> **WORK REQUEST**:
The records below are to be repeated exactly, and their pictures left out.

Start of INPUT FOR THIS TASK

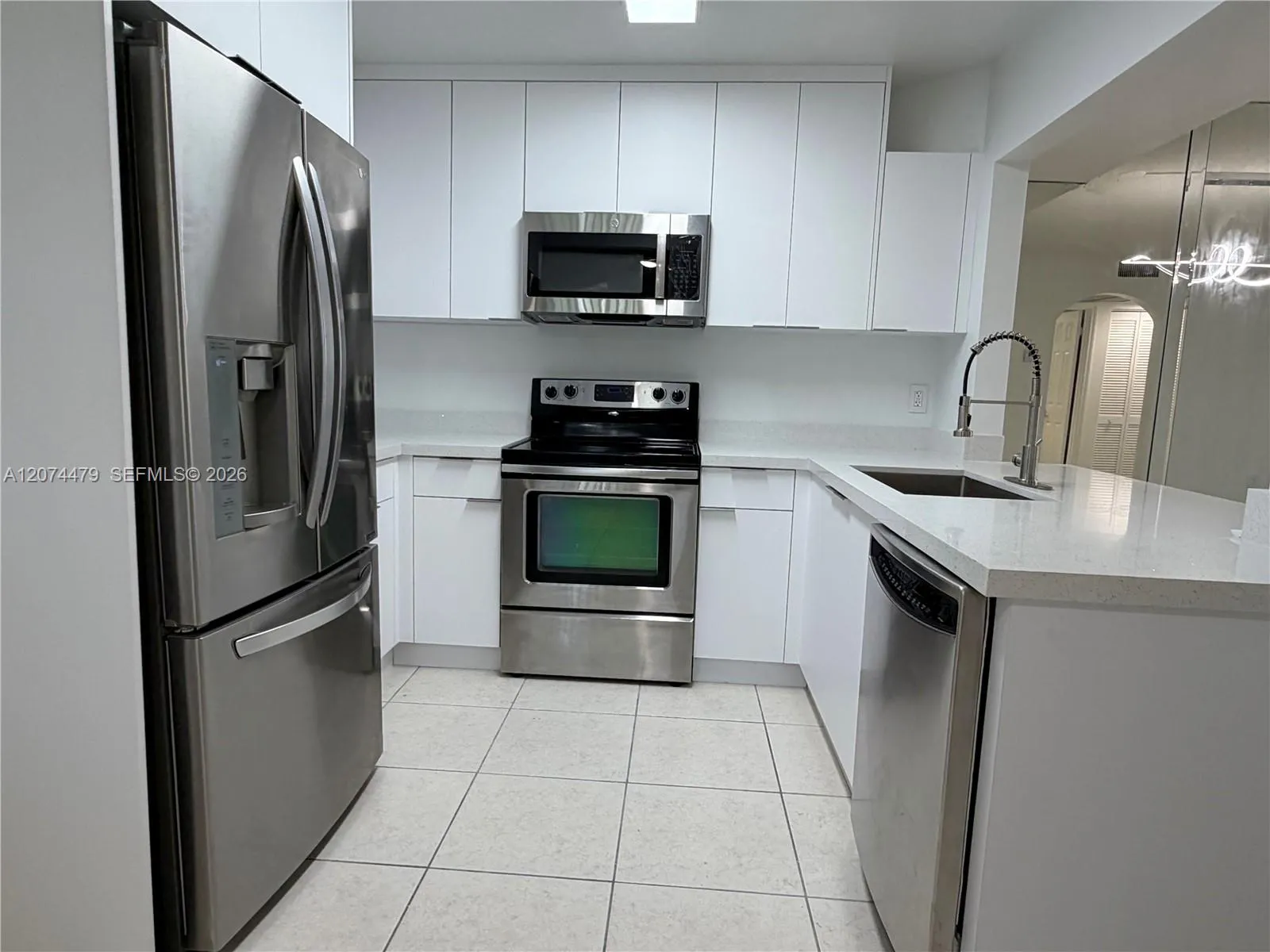 Listing  423 NE 210th Cir Terrace 104-25, Miami, FL 33179, Miami, FL 33179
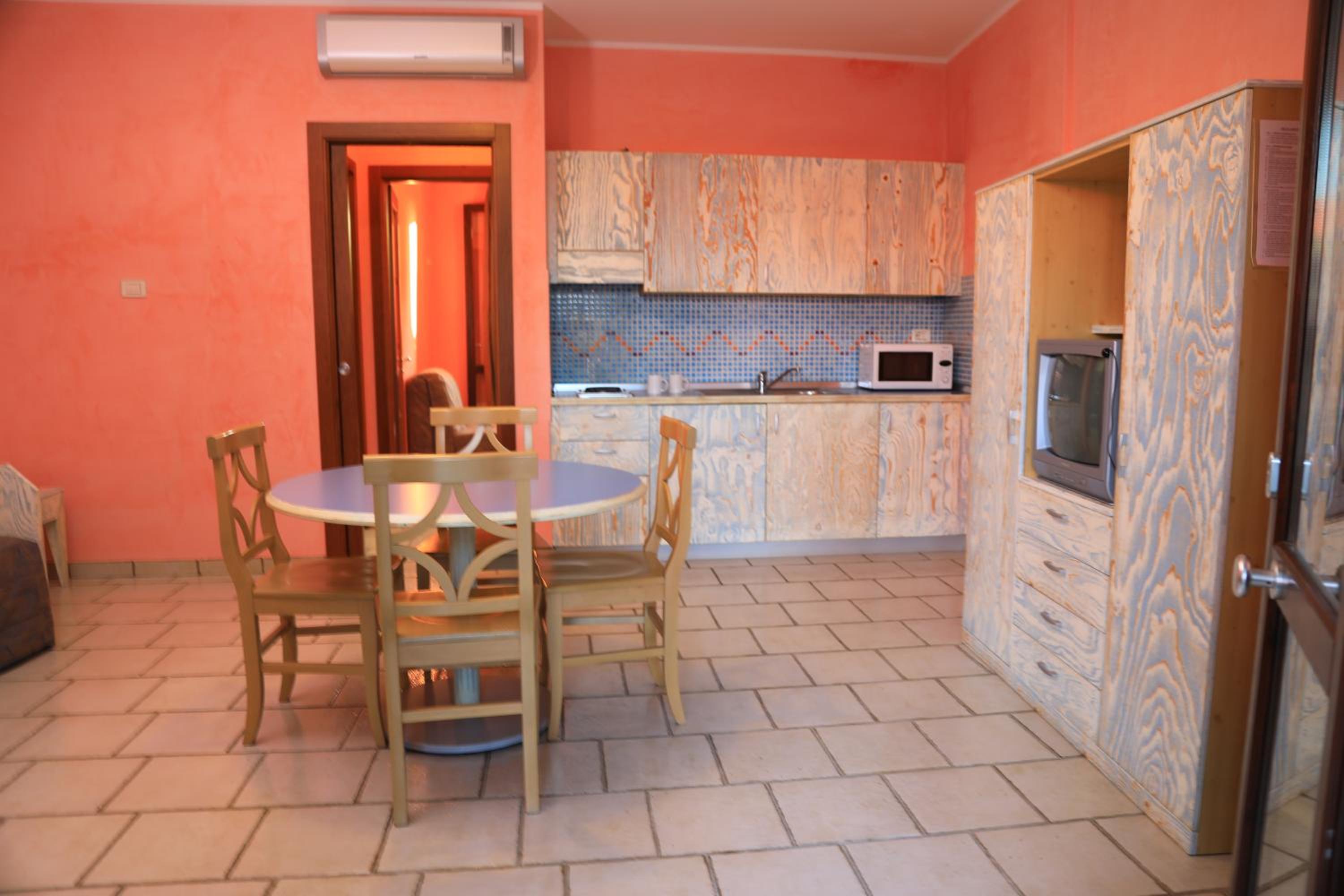 Apartment - Ground Floor photo 3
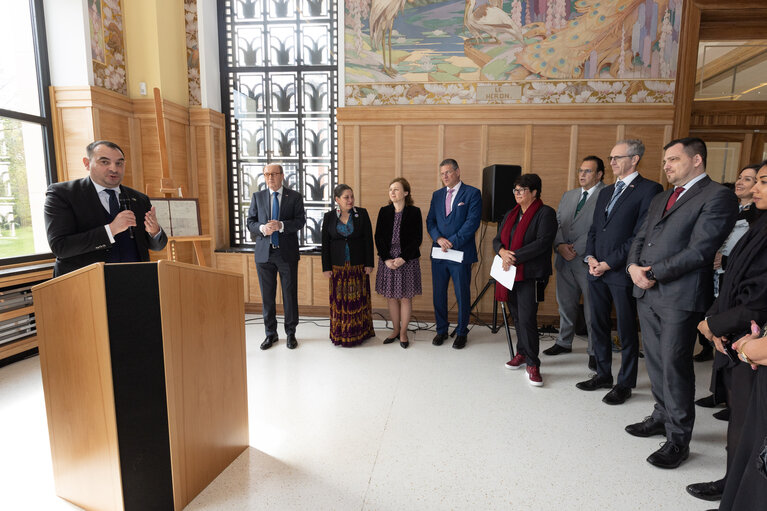 Foto 26: Handover ceremony of replica of Sigismund of Luxembourg Roma Decree to the House of European History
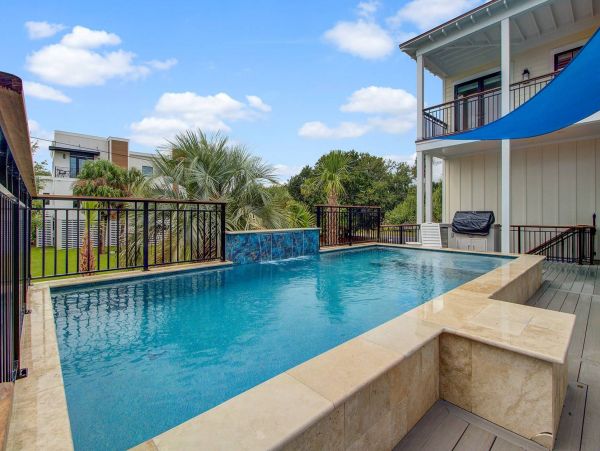 Isle Of Palms Home 1015879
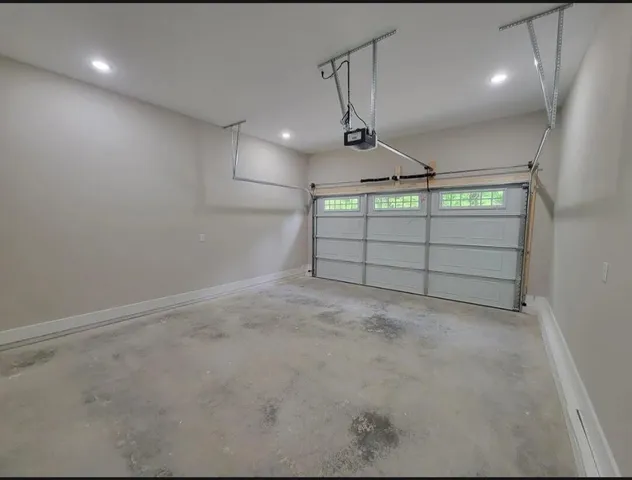 $2,000 | 8448 Old Cleveland Pike, Ooltewah, TN 37363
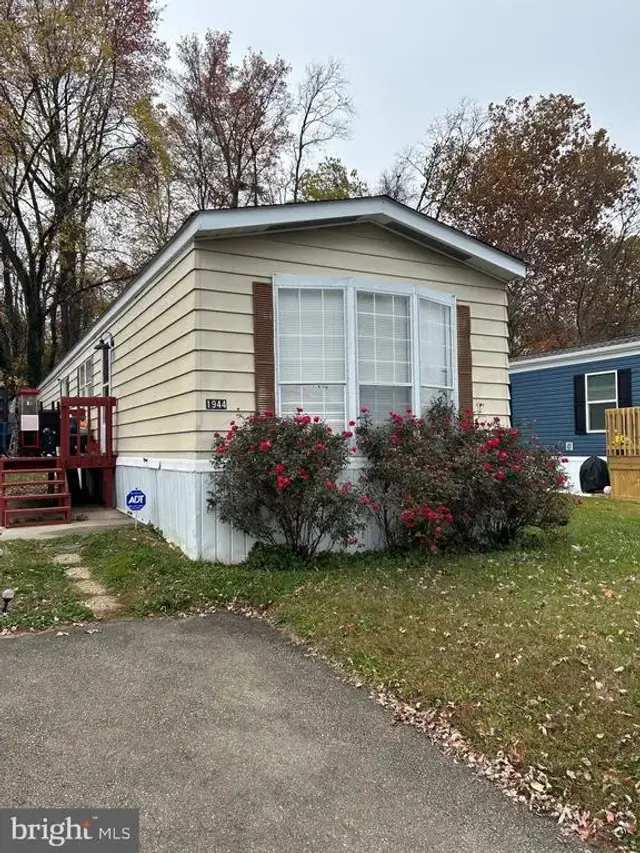 1944 Chipper Dr, Edgewood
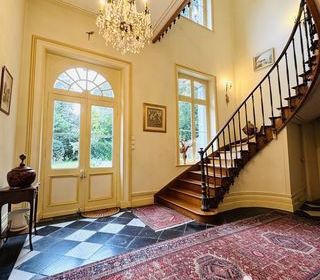  Propri�t�/ch�teau � vendre 8 pi�ces 342 m�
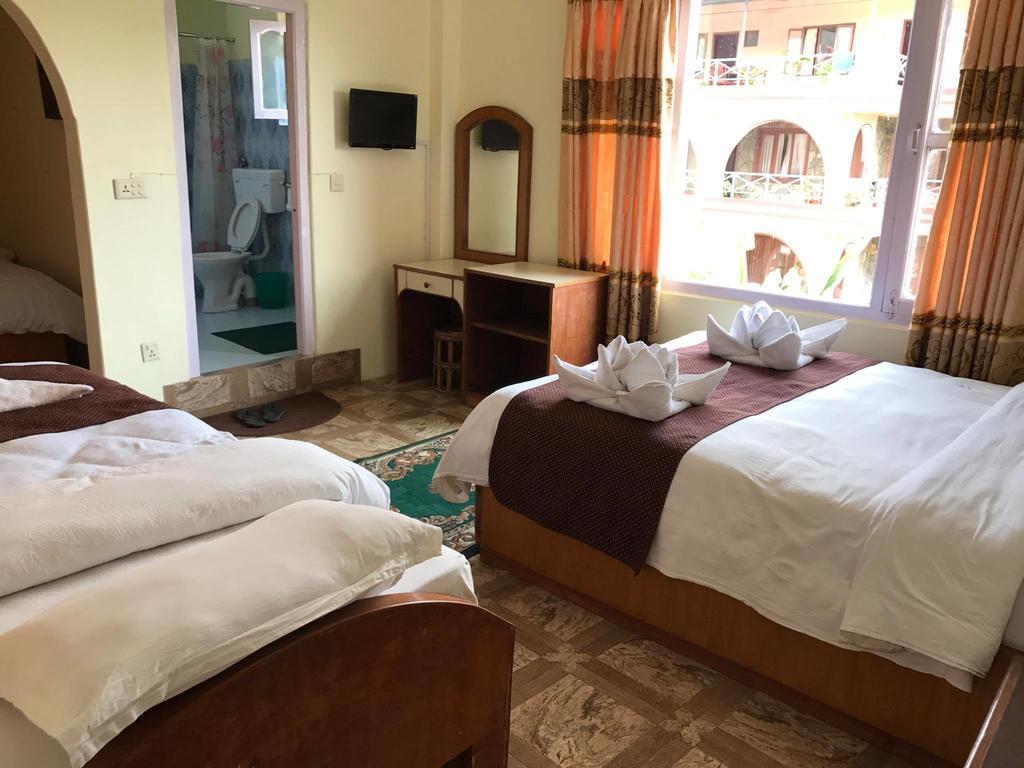 Hotel Himalayan Inn Pokhara Kültér fotó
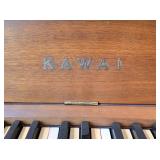 DR - Kawai 801-T Console Piano with Bench and Mahogany Finish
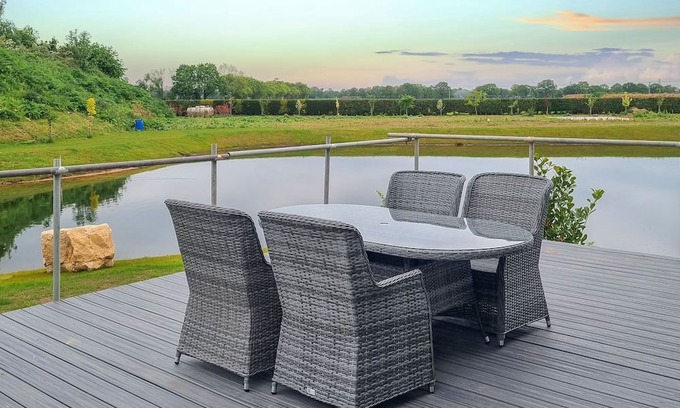 Sturton By Stow Cabin | 2 bedroom accommodation in Thorney, Nr Lincoln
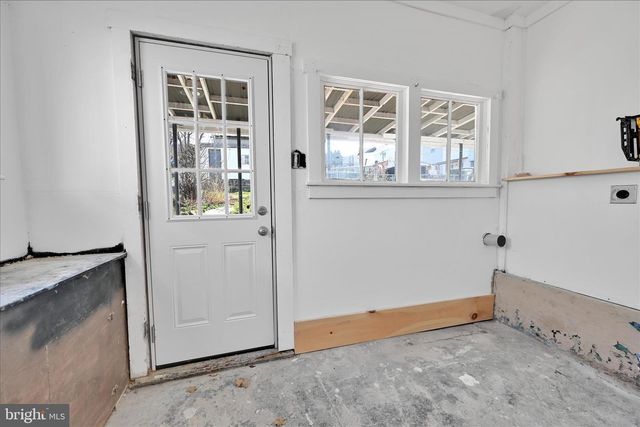 520 E 5TH ST, Mt Carmel, PA 17851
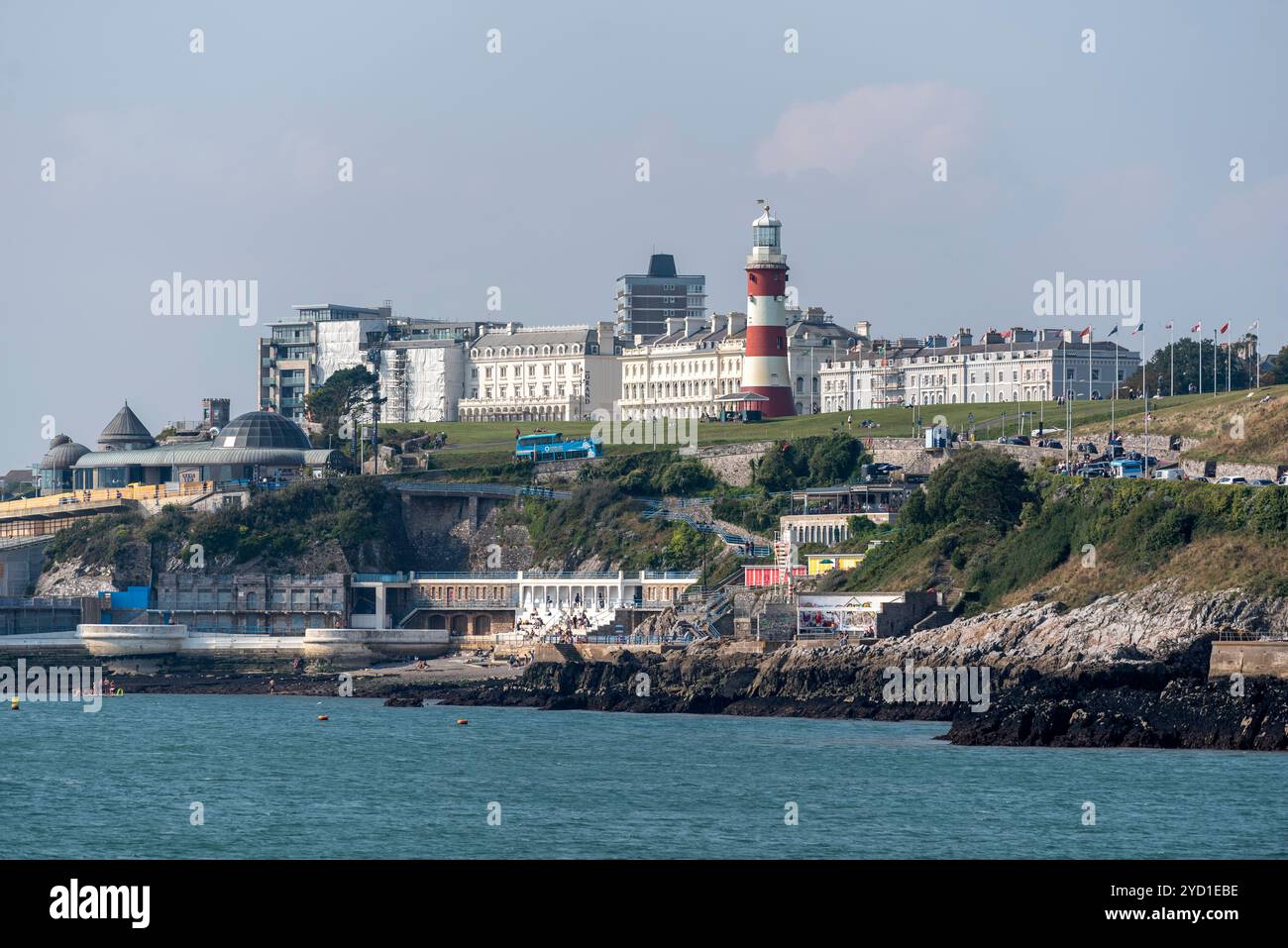 Plymouth Devon England. 30.09.2024. Landschaft von Plymouth Sound of the Hoe und Gebäude am Meer Plymouth UK. Stockfoto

End of INPUT FOR THIS TASK

> **RESPONSE TO THIS EXERCISE**:
 Listing  423 NE 210th Cir Terrace 104-25, Miami, FL 33179, Miami, FL 33179
 Apartment - Ground Floor photo 3
 Foto 26: Handover ceremony of replica of Sigismund of Luxembourg Roma Decree to the House of European History
 Isle Of Palms Home 1015879
 $2,000 | 8448 Old Cleveland Pike, Ooltewah, TN 37363
 1944 Chipper Dr, Edgewood
  Propri�t�/ch�teau � vendre 8 pi�ces 342 m�
 Hotel Himalayan Inn Pokhara Kültér fotó
 DR - Kawai 801-T Console Piano with Bench and Mahogany Finish
 Sturton By Stow Cabin | 2 bedroom accommodation in Thorney, Nr Lincoln
 520 E 5TH ST, Mt Carmel, PA 17851
 Plymouth Devon England. 30.09.2024. Landschaft von Plymouth Sound of the Hoe und Gebäude am Meer Plymouth UK. Stockfoto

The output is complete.